高知市周辺の石仏

 

1.西山観音寺跡 香南市夜須町西山785 

 

 国道55号線の北、両側が田圃の細い道を抜けて行く。最初は場所が分からず近くの方に伺う。入口に観音寺跡の石柱があり、中央に小さなお堂がある。その裏に十数基の石板が地べたに寝かされており、その脇にある石柱には「線彫地蔵(複製)」とある。本物はしかるべき場所に保管され、これはレプリカのようである。高知県内には太い線で刻まれた石仏や浮彫の石仏が多く見られ独特のものである。この中に文禄五年(1596)の年号が確認されている。

 


 

2.薬師堂 香南市香我美下分 

 

 香我美町役場の裏に広場があり、瓦屋根の小さな祠がある。扉を開けると中に西山観音寺跡と同じような地蔵石板が七基ほど重なっている。奥の方の石仏は重なっていて像容がはっきりしない。これらも浅くて太い線彫で地蔵を刻んである。彫りは輪郭のみで表情や衣紋の細かな表現はなく簡略化されている。

 


 

3.大日寺 香南市野市町母代寺476 

 

 真言宗智山派で四国八十八番霊場の28番札所。江戸時代は土佐藩の祈願所として栄えた。奥の院の爪彫薬師は弘法大師が楠の大木に薬師を彫ったといわれ奥の院に安置されている。首から上の病に霊験があり、願が叶うと穴の開いた石に氏名、年齢、快癒した身体の部位を書いて奉納する習わしという。この薬師堂のまえに写真の牛乗り薬師の石仏がある。
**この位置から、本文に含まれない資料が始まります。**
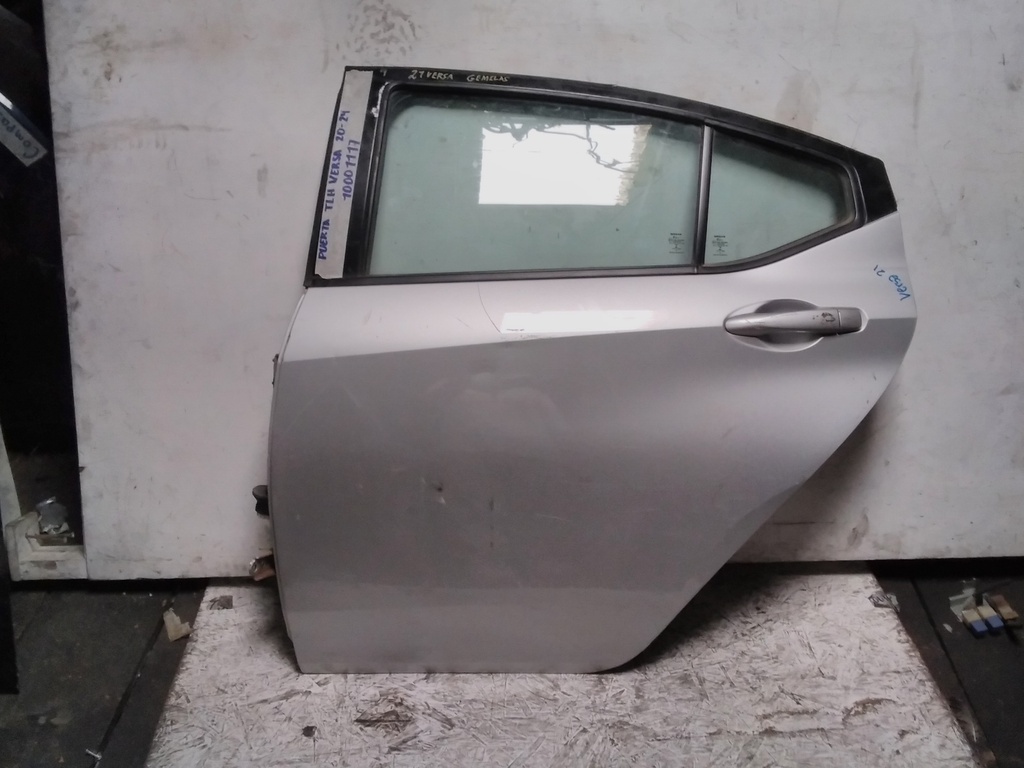 PUERTA TLH VERSA 20-24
「戌年六十三」の銘のみで造立時期は分からない。

 


 

4.国分寺 南国市国分546 

 

 永禄元年(1558)の鎌倉後期に長曾我部元親が再建した金堂はこけら葺きの屋根で情緒がある佇まい。平安時代『土佐日記』の紀貫之が国司として4年間滞在した国府が近くにあり、当時は政治・文化の中心だった。土佐から帰京する時は、時の住職も船出を見送ったという。歴史を感じさせる本堂の横にたくさんの墓塔を含めた石仏・石塔が並べられており、その中に一石二尊、三尊などがある。写真の一石六地蔵は山梨県にたくさんあるが他ではあまり見受けない。

 


 

5.竹林寺 高知市五台山3577 

 

 四国八十八番霊場の31番札所で五台山と号す。この五台山のいわれは聖武天皇が行基に、唐にある五台山に日本の中で似た場所に寺を建立するように命じた。そこで選ばれたのがこの地だったという。また「よさこい節」で歌われる“坊さんかんざし買うを見た”の僧と娘の恋物語の舞台がこの竹林寺。文殊菩薩が本尊でミニ四国八十八ケ所石仏に当寺の文殊菩薩の石仏もある。鎌倉初期の様式をもつ五重塔下に丸彫坐像の五智如来が配置され、その一部を掲載した。他に千体地蔵やインドのオリッサ州で作られたブッダの説法像などがある。

 


6.安楽寺 高知市洞が島町5-3 

 

 高知市の中心部、JR高知駅の西1kmにある。かつては高知市内に30番札所がこの安楽寺と善楽寺の二か所あったが現在安楽寺は30番奥の院となっている。狭い境内の塀際にミニ新四国八十八ケ所石仏が並んでいる。塀にある廂が雨除けになり石仏の状態は綺麗で、見栄えがする。碑面に御詠歌だろうか草書体で書かれた石仏もある。また平成13年に建立された長谷寺の十一面観音と難陀龍王、雨宝童子の三尊セットの像容が特異であり、海外で作られたのではと想像した。